---------- Recorded data ----------
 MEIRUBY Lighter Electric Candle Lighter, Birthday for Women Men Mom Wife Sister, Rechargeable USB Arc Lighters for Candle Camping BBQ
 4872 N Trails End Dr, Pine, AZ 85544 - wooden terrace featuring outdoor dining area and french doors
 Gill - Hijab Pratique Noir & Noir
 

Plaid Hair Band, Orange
----------
---------- Recorded data ----------
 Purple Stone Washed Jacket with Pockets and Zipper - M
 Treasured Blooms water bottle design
----------
▶ _Instructions for the task_: All lines above between those holding "Purple Stone Washed" and "Treasured Blooms water bottle design", inclusive, must be set down unchanged, and no other line may be included.

▶ _Answer below_:
 Purple Stone Washed Jacket with Pockets and Zipper - M
 Treasured Blooms water bottle design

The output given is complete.